Cette urgence à administrer le soin, qui trouve son support légitime dans la situation pandémique où le mot d’ordre qui circule : “prenez soin de vous”, recouvre une menace implicite : “ou nous le ferons pour vous”, se réalise ici dans une forme de redoublement de la punition caractéristique de l’époque : non solum, sed etiam. Non seulement vous souffrirez de la peste, mais encore du remède…
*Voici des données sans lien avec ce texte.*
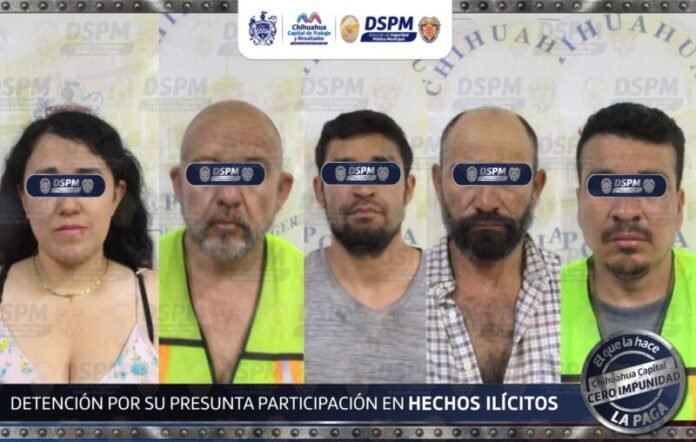 Municipales sorprenden a cinco desmantelando techo de lámina en la 11 de Febrero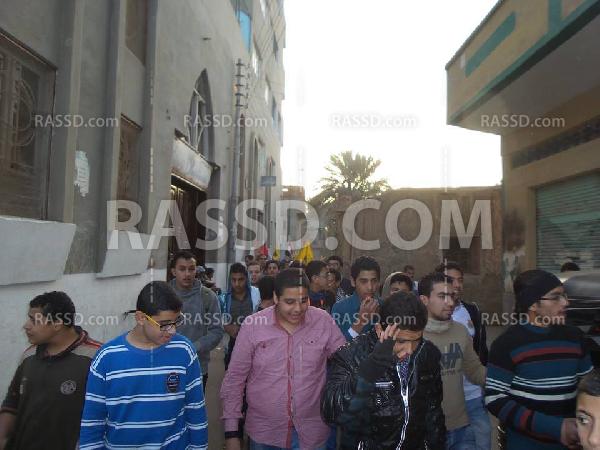 صور| “القرين” و”أبوحماد” بالشرقية تطالبان بإعدام المخلوع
Double peine, donc : après avoir vécu le mépris de devoir travailler à l’intérêt général en convention avec la Ville, la Métropole, le département, la Région, la DRAC pendant des années dans des conditions indignes, au su pourtant des autorités publiques, voici le mépris de se voir priver de son outil de travail au nom des conditions-mêmes qu’on vous a imposées. Qui aime bien, châtie bien !
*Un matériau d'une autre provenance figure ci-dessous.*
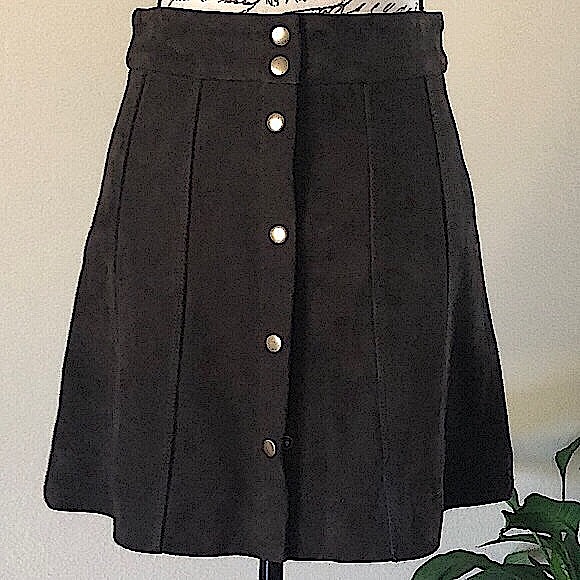 Frame Denim Suede Button Front Skirt - Picture 2 of 16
Ce soin étrange qui redouble l’action d’administrer a un nom : c’est l’arbitraire.

Il est tant que cesse la maltraitance institutionnelle dont souffrent depuis plus de trente ans les lieux intermédiaires.

Les personnes qui s’y rassemblent œuvrent à réaliser un droit : le droit pour chacun.e d’accéder à la vie culturelle. Ils portent dans leurs corps et défrichent à travers leurs pratiques la démocratie réelle en matière de culture. C’est d’ailleurs au titre des droits dits culturels que le législateur a fait dans la « Loi relative à la liberté de la création, à l’architecture et au patrimoine », article 3.14, une obligation aux collectivités territoriales comme à l’Etat de « contribuer au développement et au soutien des initiatives portées par le secteur associatif, les lieux intermédiaires et indépendants, les acteurs de la diversité culturelle et de l’égalité des territoires ».

Ce soutien, on en cherche vainement la trace en temps de pandémie. Au contraire, parmi les lieux intermédiaires, l’inquiétude grandit de ne pouvoir se remettre de la crise. En tant que lieux de culture, leur situation, même en temps ordinaire, est précaire : pris dans des rapports au foncier difficiles, des équilibres économiques fragiles, c’est par l’ingéniosité, la persévérance et l’engagement de celles et ceux qui les portent qu’ils perdurent dans le temps. Pour ces lieux, l’ouverture, c’est le nerf de la guerre, tant par l’économie qu’elle génère que par l’entretien qu’elle permet des relations entre les personnes qui les habitent – artistes, habitants, activistes, acteurs culturels…

Mais face à la fragilité économique produite par la fermeture temporaire des lieux culturels pour raisons sanitaires, ce n’est pas de la bienveillance que la puissance publique manifeste à l’égard des acteurs d’une culture en commun(S) ; dans cette série grandissante de lieux menacés, c’est à l’inverse sa négligence qui se révèle. Dans un effet d’aubaine, ce sont les menaces de fermeture et d’expulsion, ce sont les abandons et les reniements. C’est le redoublement de la peine.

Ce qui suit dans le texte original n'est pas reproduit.